In 1990, Nicaraguans elected Violeta Chamorro. The economy did not revive and the Sandinistas were not completely ruled out, but civil war was over at last. Ortega proved to be the ultimate comeback president, and was elected again in 2007 and remains in power ever since. Although no longer a hardline socialist, his leftist policies are still being frowned upon in Washington and relations with regimes like Cuba, Venezuela and Russia remain warm.
Military aviation in Nicaragua can be traced back as far as 1920 when four Curtiss JN-2s were acquired, although it was not until 1936 that the Cuerpo de Aviacion (aviation corps) of the National Guard was formed. Just two years later the name of the air corps was changed to Fuerza Aérea de la Guardia Nacional on 9 June 1938. By July 1942 lend-lease funds accounted for the delivery of more aircraft from the USA. After Nicaragua signed the Rio Treaty in 1947 it received its first combat aircraft, a batch of twelve P-47 Thunderbolts.

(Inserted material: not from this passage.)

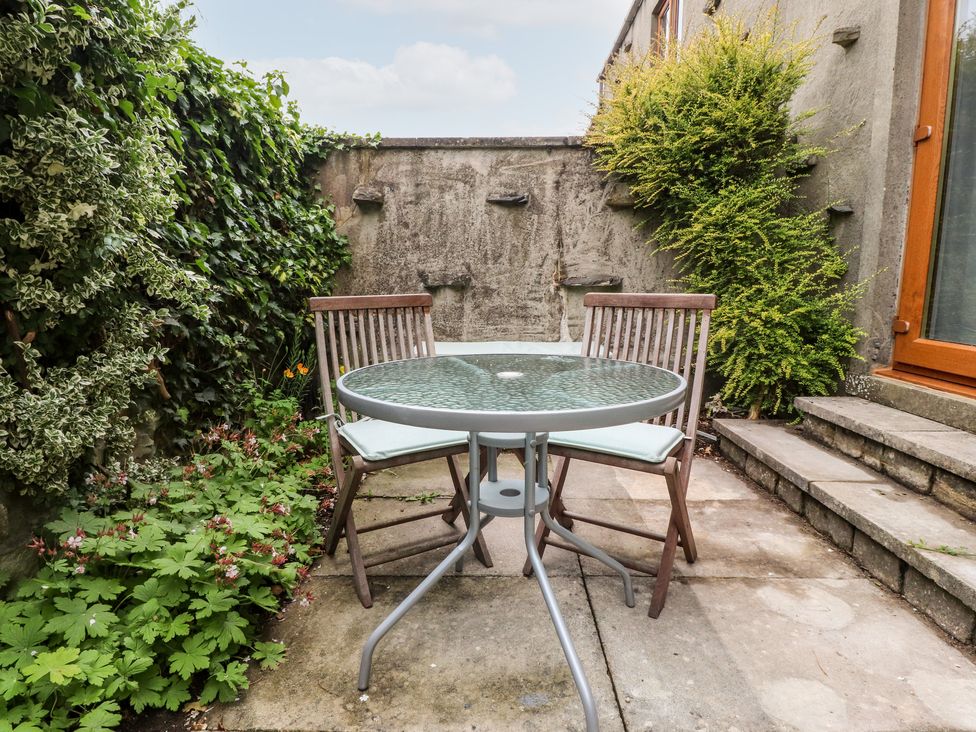 A small outdoor patio with a glass table and two wooden chairs surrounded by plants at Top House in Settle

By that time the force was known as Fuerza Aérea de Nicaragua (FAN). In 1957, was broke out with Honduras over the Mesquita region. A cease-fire was reached and the Coco-river was recognized as the border between the two countries. The jet era started in 1962, when six T-33As were delivered.

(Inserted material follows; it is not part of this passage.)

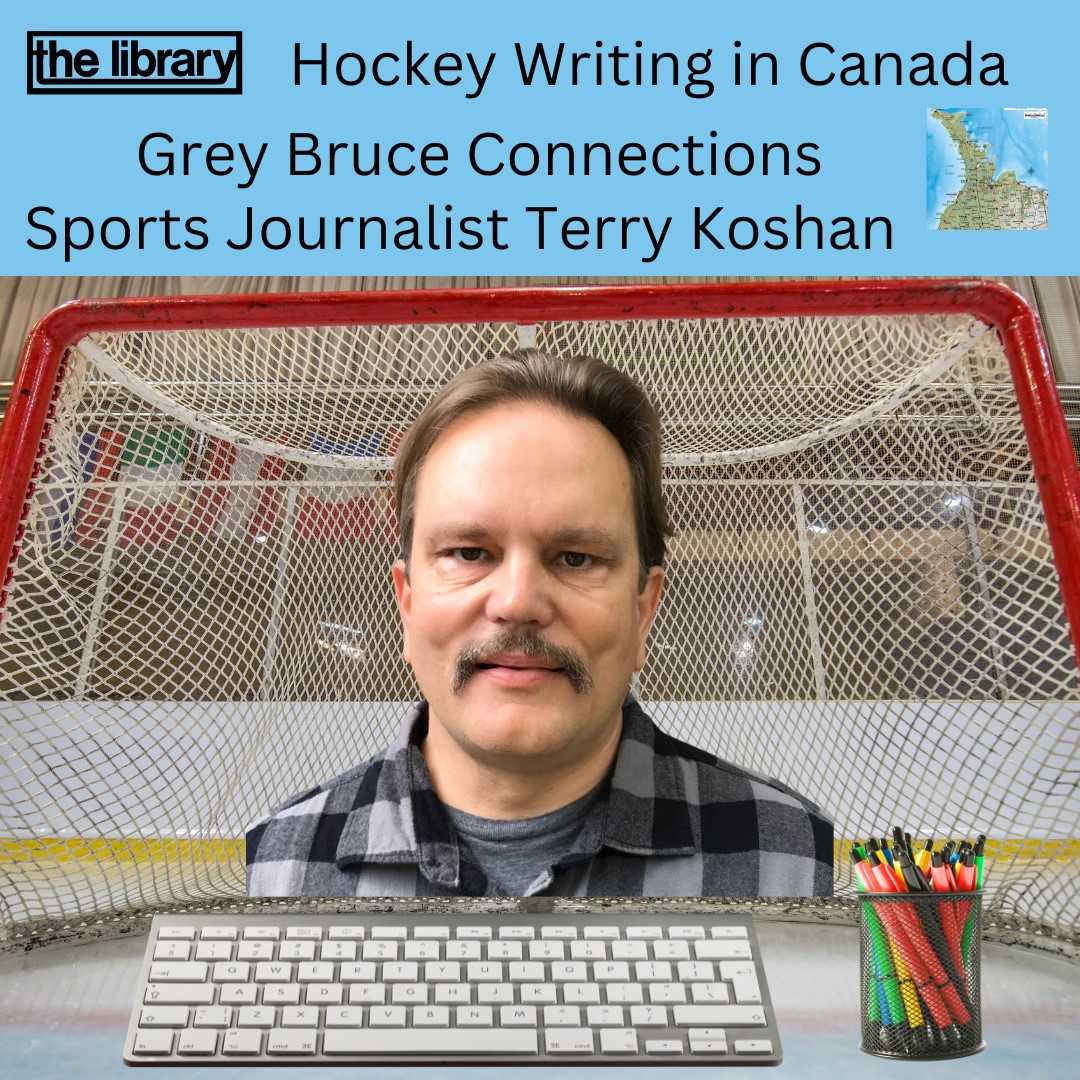 Author Terry Koshan in front of a hockey net with keyboard and cup of pens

From 1978, full scale civil war broke out when FSLN-revolutionaries tried to overthrow the Somozo dynasty. The rebels were assisted by a fleet of various transports bringing in weapons and ammunitions. In the seventies, the FAN main additions were transport aircraft, like DHC-3 Otters and CASA 212 Aviocars. When Somoza finally fled the country in July 1979, five T-33As, one B-26, six T-28s, six Cessna 337s, two CASA 212s, three C-47s, two IAI201 Aravas, one Huey, three S-58Ts, four OH-6As and various Cessnas and Pipers were left behind. On 18 September 1979 the new Sandinist government set up the Fuerza Aérea Sandinista and took over the inventory.
As soon as 1980, the Sandinist government sent cadets to Bulgaria for pilots training. Russian and Cuban advisors and construction teams were flown in to expand the military infrastructure, One large new airbase was constructed north of Managua near Punte Huete, in order to receive MiG-21s. Large numbers of Mi-8 and Mi-25 assault and combat helicopters were delivered in the eighties, although a great many were lost. Contra rebels built up a considerable air force, containing C-47s, C-123s, Cessna 337s, Pipers and various helicopters. In 1990, the air force was renamed Fuerza Aérea Nicaraguënse after the conflict had ended.

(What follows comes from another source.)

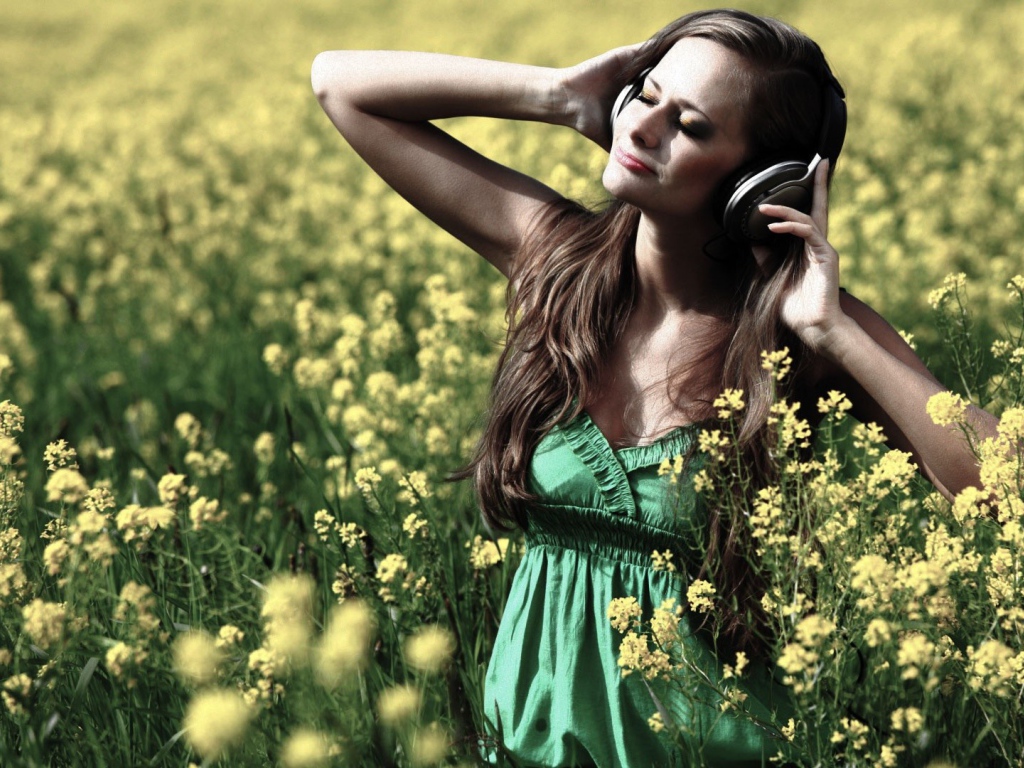 Девушка стоит среди цветов в наушниках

In 1992, several surviving Mi-17s and Mi-25s and were sold to Peru and only about ten Mi-17s remain in service. The name of the air force changed again in 1995 to Fuerza Aérea - Ejército de Nicaragua The air force currently has only two operational squadrons, a fraction of its size in the eighties. Very few aircraft were received after 1990. The Escuadrón de Transporte operates the two An-26s, which were received from Russia in 2017, and the sole surviving An-2. The Escuadrón de Ala Rotativa operates the remaining Mi-17s, two modern Mi-171s were acquired for VIP duties in 2009.